Are you wondering when you should run switchback experiments (also called time split experiments)? Or maybe you want to learn more about the advantages and disadvantages of switchback experiments? Well then you are in the right place! In this article, we tell you everything you need to know to understand when to use switchback experiments.
We start out by providing a little detail on how switchback experiments are designed. After that, we talk a little more about how switchback experiments are analyzed. Next, we discuss some of the advantages and disadvantages of using switchback experiments. After that, we provide a few examples of scenarios where it is a good idea to run switchback experiments. Finally, we provide a few examples of scenarios where it is not a good idea to use switchback experiments.
How to design switchback experiments?
How are switchback experiments designed? Switchback experimentation is one example of an experimentation technique where you separate individual subjects into groups then broadly apply the same treatment to everyone who is in the same group. This means that the treatment is not randomized at the subject level, but rather the group level.
Groups are carefully chosen so that subjects that have meaningful dependencies on one another, such that the actions of one subject may affect the actions of another, are placed in the same group. This may happen if multiple subjects access a shared pool of resources or if there are complex network effects that govern a subject’s behavior. For example, if you worked at Uber and wanted to run a switchback experiment for a treatment that was applied to riders, you might separate riders into groups based on geographical area. This is because riders who are in the same geographic area access the same pool of drivers, which is a limited resource.
Once subjects are separated into groups, the control treatment and the experimental treatment are sequentially applied to the entire group of subjects for evenly spaced time intervals. To initialize a switchback experiment, you would start out by randomly choosing between the control treatment and the experimental treatment then applying that treatment to the entire group for a given time interval. Once that interval of time is over, then you randomly choose between the control treatment and experimental treatment again and apply that treatment to the entire group for the next interval of time. This generally happens multiple times until both the control treatment and the experimental treatment have been applied to the group for multiple evenly spaced intervals of time.

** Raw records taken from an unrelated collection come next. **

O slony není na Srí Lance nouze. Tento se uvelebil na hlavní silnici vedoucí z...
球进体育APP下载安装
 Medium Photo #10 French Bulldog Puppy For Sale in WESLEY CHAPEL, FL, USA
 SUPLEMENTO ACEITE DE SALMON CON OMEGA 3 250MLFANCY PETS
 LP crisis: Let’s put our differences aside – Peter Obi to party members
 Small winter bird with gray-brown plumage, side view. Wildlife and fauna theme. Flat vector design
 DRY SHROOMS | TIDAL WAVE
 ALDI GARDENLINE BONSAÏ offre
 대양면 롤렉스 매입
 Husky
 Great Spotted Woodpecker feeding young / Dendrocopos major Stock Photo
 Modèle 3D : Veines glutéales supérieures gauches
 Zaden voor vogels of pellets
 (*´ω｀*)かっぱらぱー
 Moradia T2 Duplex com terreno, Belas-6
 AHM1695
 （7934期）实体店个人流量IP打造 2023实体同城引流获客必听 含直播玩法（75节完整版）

How to analyze switchback experiments?
How do you analyze the results of a switchback experiment? In general, switchback experiments are analyzed by looking at the overall difference in metrics between the control treatment and the experimental treatment across all time intervals. That being said, there are a few different ways to analyze the results of switchback experiments and different methods may be used depending on the circumstances of the experiment.
Generally speaking, there are two different schools of thought on how to analyze the results of switchback experiments. These schools of thought differ based on what is considered a single observation for the purpose of the analysis. Here is more information on these different schools of thought.
- Treat each time interval as one observation. Some of these analysis methods recommend treating each time interval as a single observation and only looking at the aggregate metrics across all subjects for each time interval. In this paradigm, you would have one aggregate metric that represented the behavior of all of the individual subjects that were active during a given time interval and you would treat that aggregate metric as a single observation. The main issue with this paradigm is that it drastically reduces the sample size that you have to work with.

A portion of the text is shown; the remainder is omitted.